What is going on? The answer is that when the TV is right side up and you can hear the sound, the brain can construct a sensible narrative. The cuts, pans and other changes are simply ignored as irrelevant, however gross they might be physically. In contrast, when the scene is upside down or viewed with peripheral vision and the sound off, it is hard for the brain to make meaningful sense out of what the visual centers perceive, so you start to notice the big changes in the physical image. This effect is not true just for visual scenes on the boob tube but also for your entire life's experiences; the unity and coherence of consciousness is mostly convenient, internally generated fiction.
The scene does not have to be complex for change blindness to occur, either. In 1992 Colin Blakemore, now chief executive of the Medical Research Council in London, and Ramachandran conducted an experiment on attendees of a seminar we gave at the Salk Institute for Biological Studies.

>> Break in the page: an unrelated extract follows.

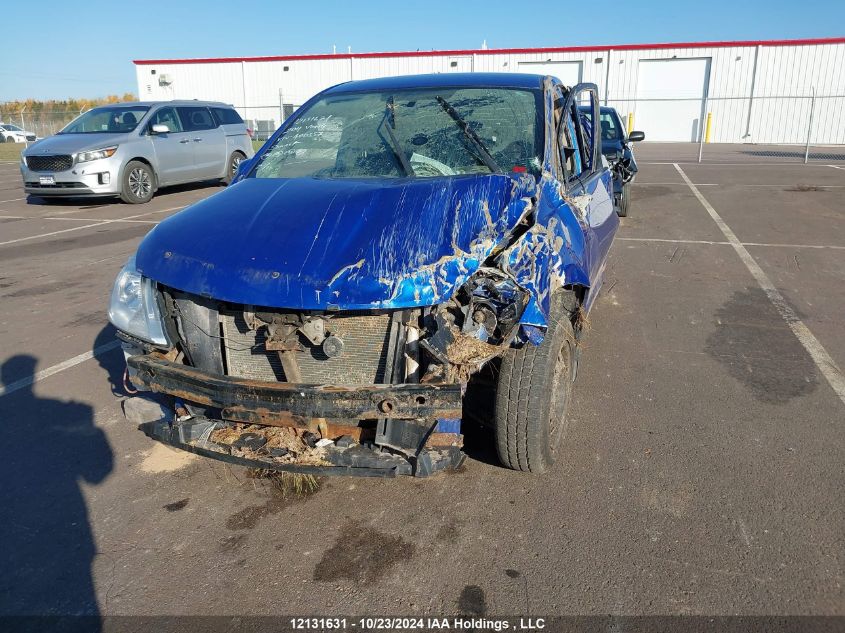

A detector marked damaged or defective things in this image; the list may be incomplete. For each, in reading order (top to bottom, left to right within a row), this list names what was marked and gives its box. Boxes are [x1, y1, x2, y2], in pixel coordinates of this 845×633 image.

We first showed a movie frame containing three abstract, colored shapes: a red square, a yellow triangle and a blue circle (above). We left this frame up for two seconds, then replaced it with the same three shapes, which were each shifted in position by a small degree. The audience observed that all three appeared to flicker or "glitch" slightly. The big surprise came when we then swapped one of the three shapes--the circle--with a different form--a square (left). Most people simply did not notice, except in those few instances when someone accidentally happened to be focusing all his or her attention on that particular object. Even with three simple objects, we experience sensory overload and change blindness.
Finally, imagine that you are staring fixedly at a little red X. Slightly off to the left we briefly show you a cross. All you have to tell us is which is longer--the cross's vertical or horizontal line. That task is something people can do effortlessly. Now we surreptitiously introduce a word directly on the cross during the second that you are judging line lengths. Arien Mack of New School University and Irvin Rock, then at Rutgers University, discovered that people will not spot the word.
Maybe you are reading this article in a busy cafe. Have you noticed any gorillas walking by? Given the Simons demonstration, how can you be so sure that none did? We suppose it depends on how interesting and attention grabbing you have found this article to be.